* **Your goal**:
Your answer should be every line from the records that contains "with".

*** Data for this exercise Section Begins ***

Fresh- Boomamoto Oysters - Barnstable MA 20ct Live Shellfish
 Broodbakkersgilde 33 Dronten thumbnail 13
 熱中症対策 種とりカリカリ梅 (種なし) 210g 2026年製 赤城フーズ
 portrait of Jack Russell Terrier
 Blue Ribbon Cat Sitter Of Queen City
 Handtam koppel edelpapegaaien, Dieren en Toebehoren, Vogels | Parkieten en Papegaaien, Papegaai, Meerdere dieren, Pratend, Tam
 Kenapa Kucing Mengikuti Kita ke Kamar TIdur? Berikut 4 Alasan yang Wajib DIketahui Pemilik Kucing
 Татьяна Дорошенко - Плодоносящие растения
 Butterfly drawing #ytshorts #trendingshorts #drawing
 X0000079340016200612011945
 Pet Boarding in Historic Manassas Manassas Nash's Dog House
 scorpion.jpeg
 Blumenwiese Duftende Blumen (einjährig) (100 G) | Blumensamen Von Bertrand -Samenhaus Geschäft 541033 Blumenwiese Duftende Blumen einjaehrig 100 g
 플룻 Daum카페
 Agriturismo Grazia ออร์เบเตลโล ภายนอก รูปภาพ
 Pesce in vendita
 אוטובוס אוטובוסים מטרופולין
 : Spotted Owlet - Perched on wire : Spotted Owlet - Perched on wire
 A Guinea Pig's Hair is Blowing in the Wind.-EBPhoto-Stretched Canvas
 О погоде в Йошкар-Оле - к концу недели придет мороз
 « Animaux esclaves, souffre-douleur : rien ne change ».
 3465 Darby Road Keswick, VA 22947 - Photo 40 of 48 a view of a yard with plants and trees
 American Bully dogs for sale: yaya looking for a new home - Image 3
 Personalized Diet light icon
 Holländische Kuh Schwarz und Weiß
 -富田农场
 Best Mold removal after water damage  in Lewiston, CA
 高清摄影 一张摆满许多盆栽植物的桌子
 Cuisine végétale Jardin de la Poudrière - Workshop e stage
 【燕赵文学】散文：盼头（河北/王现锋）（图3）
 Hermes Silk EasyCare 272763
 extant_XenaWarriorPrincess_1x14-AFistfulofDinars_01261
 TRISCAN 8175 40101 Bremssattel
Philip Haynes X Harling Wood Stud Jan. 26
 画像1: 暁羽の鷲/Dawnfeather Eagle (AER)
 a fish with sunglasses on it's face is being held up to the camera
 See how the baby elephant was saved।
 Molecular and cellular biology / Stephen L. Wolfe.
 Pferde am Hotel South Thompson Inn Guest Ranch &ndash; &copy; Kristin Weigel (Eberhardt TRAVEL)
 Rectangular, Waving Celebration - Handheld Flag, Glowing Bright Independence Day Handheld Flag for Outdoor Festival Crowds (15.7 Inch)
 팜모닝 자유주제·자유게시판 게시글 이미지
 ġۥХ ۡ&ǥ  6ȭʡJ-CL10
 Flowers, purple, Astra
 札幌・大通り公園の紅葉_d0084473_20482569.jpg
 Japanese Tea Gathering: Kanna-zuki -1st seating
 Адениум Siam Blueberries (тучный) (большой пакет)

*** Data for this exercise Section Ends ***

* **Result below**:
 3465 Darby Road Keswick, VA 22947 - Photo 40 of 48 a view of a yard with plants and trees
 a fish with sunglasses on it's face is being held up to the camera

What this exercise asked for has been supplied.